Além do deslocamento forçado, Kamese alertou para o crescente endividamento dos países africanos com instituições como o Banco Mundial e o governo chinês, agora para descomissionar as barragens que já se tornaram obsoletas.

“Construímos essas represas pensando que eram solução. Hoje temos que pedir empréstimos para desmontá-las”, afirmou, denunciando, também, o uso político da energia: “As linhas de transmissão passam por cima das aldeias, mas as comunidades seguem no escuro.”

“Não viemos às COPs como mendigos. Viemos exigir justiça. Fomos excluídos desse modelo e agora querem que paguemos por ele? Não aceitaremos”, concluiu.

Europa: entre o neocolonialismo verde e o avanço da extrema direita

Representando a Aliança contra a Pobreza Energética da Catalunha, a espanhola Irene González traçou um diagnóstico severo sobre o papel da Europa na atual reconfiguração do capitalismo global. Segundo ela, o continente tenta se reposicionar geopoliticamente entre os blocos liderados por Estados Unidos e China, apostando no discurso de liderança da transição energética. Mas essa transição, alertou, tem se sustentado sobre práticas neocoloniais e falsas soluções climáticas.
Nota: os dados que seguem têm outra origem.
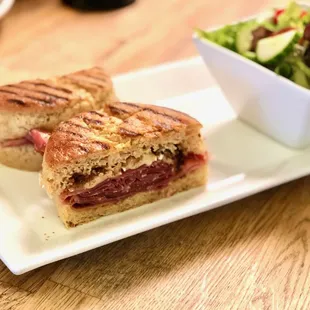 a sandwich and a salad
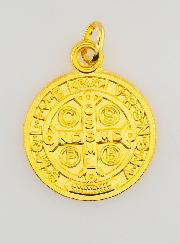 Medaglia di San Benedetto - Metallo Dorato - 22mm
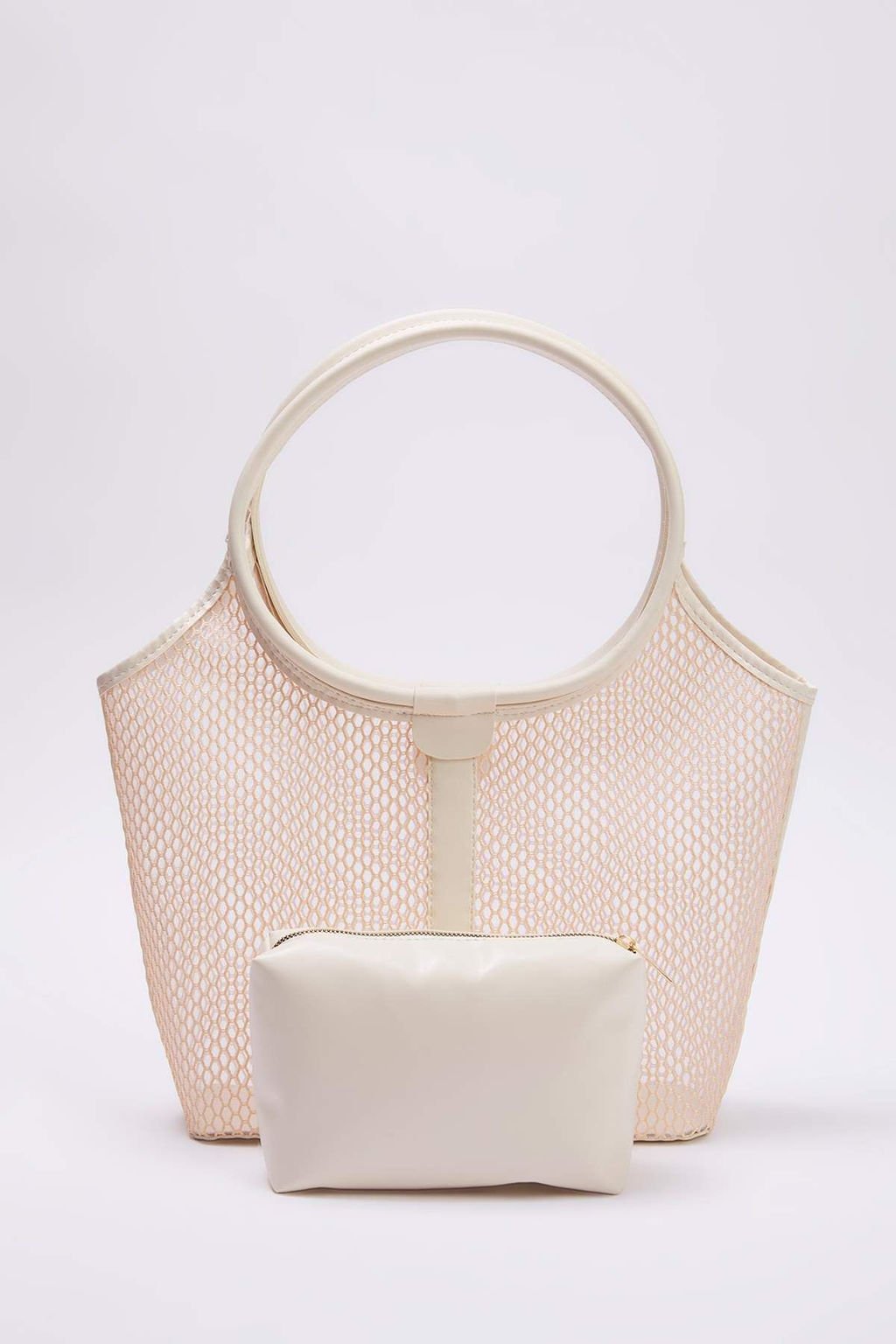 Nude File Detayl? Yavrulu Kad?n Maxi/Buyuk Tote Omuz Cantas? TAKSS25OC00075 - Trendyolmilla фото 2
“Europa não tem minerais críticos. Para liderar a transição, precisa continuar explorando outros territórios. A fachada verde esconde uma base suja, ainda sustentada por combustíveis fósseis e novas formas de espoliação”, afirmou Irene, destacando o financiamento europeu de projetos de gás fóssil em países africanos. Ela também apontou a hipocrisia das políticas ambientais. Enquanto estimula a “economia verde”, a União Europeia assina tratados abusivos para garantir o acesso exclusivo a recursos estratégicos.

A ativista alertou para a instrumentalização das mudanças climáticas por grandes ONGs e para a crescente exclusão das comunidades afetadas dos espaços de decisão. “As grandes ONGs estão capturando o discurso climático e nos substituindo. Elas estão nas COPs. Nós, não”, criticou.

A crise social europeia, agravada pela guerra da Ucrânia e pela retirada de proteções sociais da pandemia, tem alimentado o crescimento da extrema direita. “O racismo e a divisão são usados como armas para impedir a articulação popular”, explicou.

Como contraponto, Irene exaltou as lutas por moradia e os movimentos que, apesar das dificuldades, seguem conquistando vitórias concretas. “Essas pequenas vitórias são o que nos dá força para seguir.”